HAY QUE REFORMAR EL TRIBUNAL CONSTITUCIONAL



Estos días se ha puesto en la picota al Tribunal Constitucional (TC), consecuencia de la sentencia en la que se legaliza a Sortu, partido político proetarra que había sido ilegalizado por el Tribunal Supremo, en sentencia firme.

Además, la Presidenta de la Comunidad de Madrid, Esperanza Aguirre, ha realizado unas declaraciones que merecen atención, pues propone la dirigente del Partido Popular la eliminación del Tribunal Constitucional, convirtiéndolo en una sala del Tribunal Supremo.

Y, como casi siempre, no puedo estar más de acuerdo con la Sra. Aguirre. El TC, por su naturaleza y forma de elección de sus miembros, está abierto a presiones y manipulaciones con el objetivo de que dicten sentencias que interesen a determinados políticos o vengan bien a determinado proceso, como el que existe actualmente de negociación y rendición ante ETA.

Aunque los miembros del TC no son políticos, sí son elegidos por éstos y, por lo tanto, están más predispuestos a las presiones políticas y a la devolución de favores. Sin embargo, los magistrados del Tribunal Supremo, en su mayor parte, llegan a sus puestos después de una dilatada experiencia en la carrera judicial y por razones de méritos y capacidad.
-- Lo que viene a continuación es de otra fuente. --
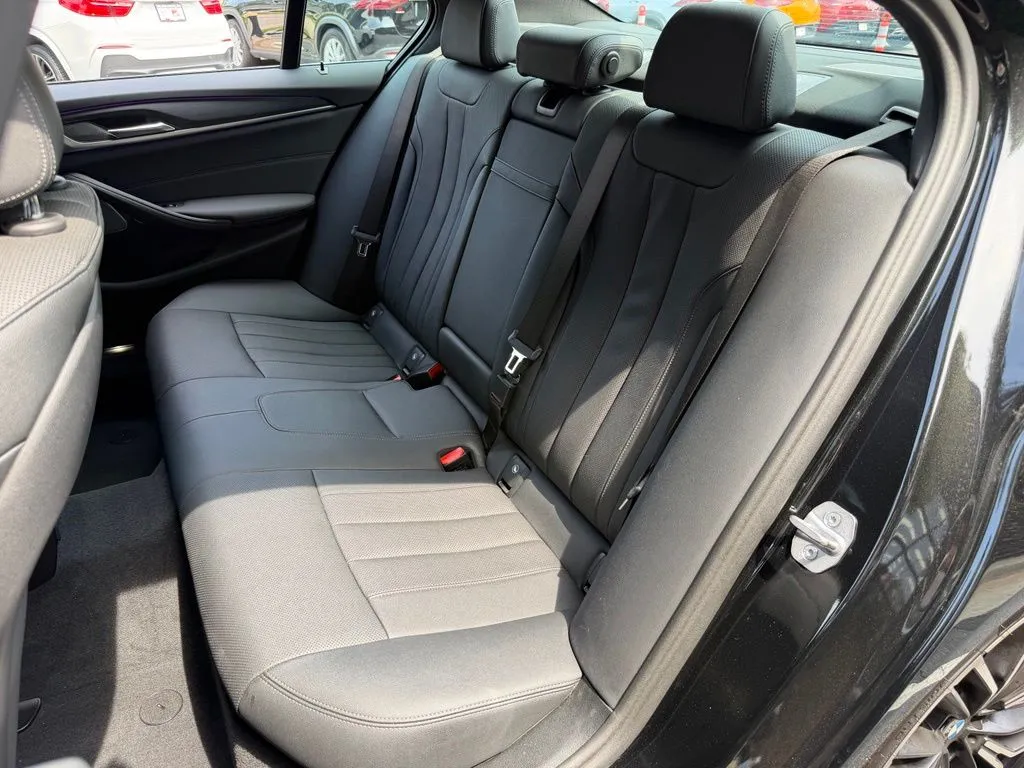 BMW 5 Series photo 33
Además, los jueces y magistrados de nuestro País son garantes de aplicar las leyes y, en las mismas, entra la Constitución, por lo que se supone que los miembros de la carrera judicial ya velan por el cumplimiento de la Carta Magna. Y para los casos en los que se tuviera que revisar algún proceso, bastaría con que una Sala del Tribunal Supremo hiciera esta labor y adecuara lo sentenciado a la Constitución.

Lo que no es admisible es que el TC se haya convertido en un tribunal de instancia, y que en cuestiones de interés político se dediquen a revocar sentencias del Supremo y a sentenciar conforme a los intereses de los políticos de turno.

España en este ámbito, para variar, precisa de una reforma seria y rigurosa, pues además de la mala imagen que se da a los ciudadanos, también la estamos dando al resto del mundo.